Need peoples opinions

TxBeezy10

New member
Hi everyone, I recently created this account so I could ask some people with more experience than myself. I am new to the salt water world after years of keeping fresh water fish, I got a 75G tank for my birthday and got it all set up with artificial coral and artificial live rock with live sand. It is all cycled and none of my fish are sick, however I cant add any more fish into my tank with out them being nonstop bullied and eventually killed. Keep in mind this isnt supposed to be a peaceful tank I got it with the main purpose of keeping a porcupine puffer, and my little Pablo the Puffer is doing great but Im wanting to get a couple colorful fish that can handle themselves against my predators. Current tank set up: 2 clown fish, one yellow tang, 2 blue damsels, 2 small fuzzy dwarf lionfish, a bursa trigger and a still small porcupine puffer. I know 75g isnt recommended for a porcupine but i am planning on getting a bigger tank for him to go in once he out grows it.
 
Your tank is also too small for the trigger and marginal for the tang. Why do you want to add more fish, it's already over stocked.
 
Blue damsels are always devil's. I used to have one that would try to attack a trigger 3x his size. Also agree your tank is overstocked. You really can't do a peaceful tank and predator tank in 1, unless you have a giant hundreds of gallons tank. If you have predator fish you like, and peaceful one's it's simple . Get two tanks. That's what I did.

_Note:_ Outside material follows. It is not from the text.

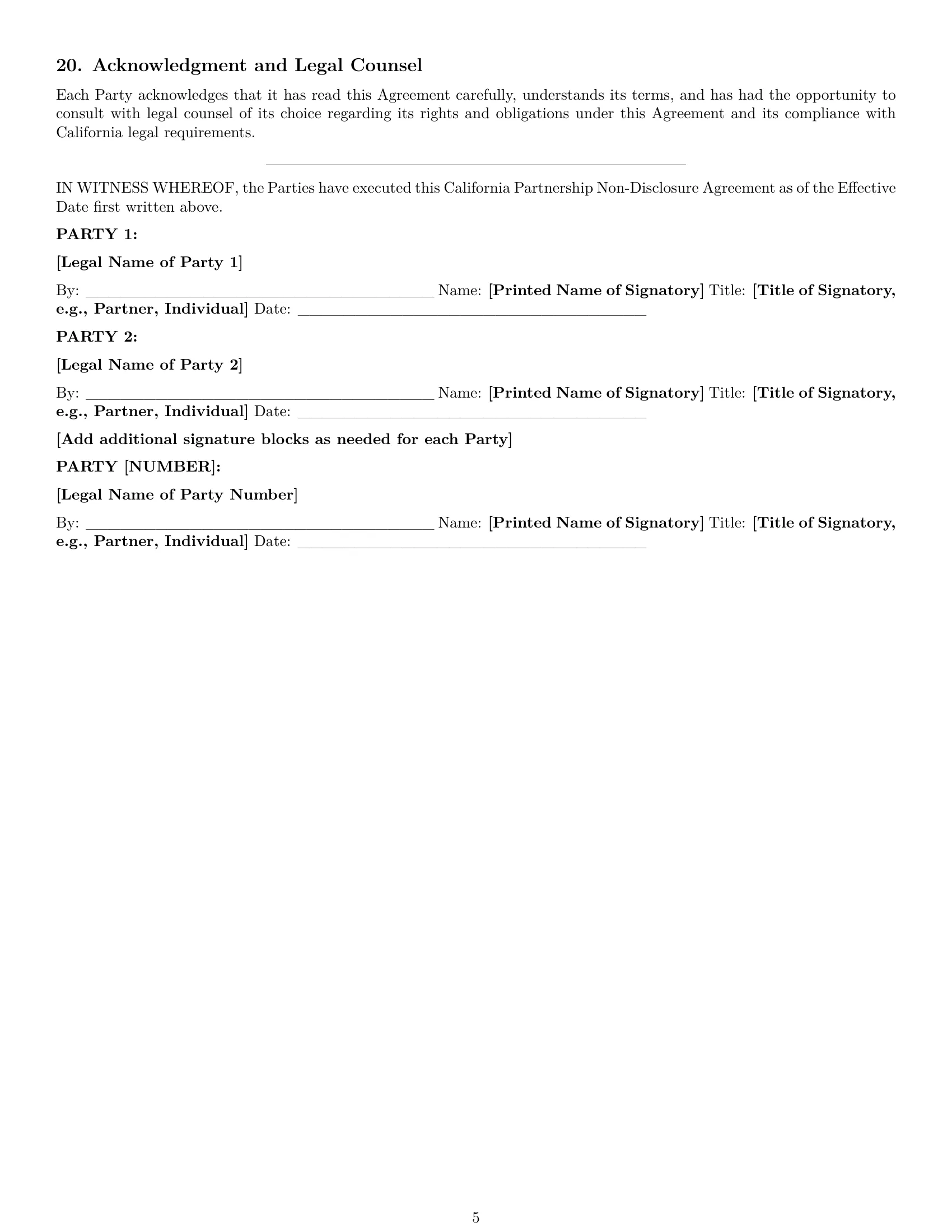 Preview page 5 of Pro California partnership nda template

If you've kept freshwater fish for years you should know this. Can't put a guppy in a cichlid tank and expect all to be well.
 
Beyond the overstocking problem with in of itself will make fish much more aggressive, you have some highly aggressive fish that will not easily accept new tank mates. I have a frien who had to remove his trigger from his 300 gallon system as it would not allow him to add any fish beyond what was already in his tank.
 
A damsel requires at least 100 gallons.
The fish you prefer do not match the size of the tank you have, which is a problem. If you could swing a 100-150 or larger you would have a happier situation, but if room and budget are a concern, then going to fish (blennies, gobies, fairy wrasses, dwarf angel, etc) that thrive in that size would be your better bet. My advice is do one or the other, but the aggression level in a too-small tank is not going to lead to a happy tank.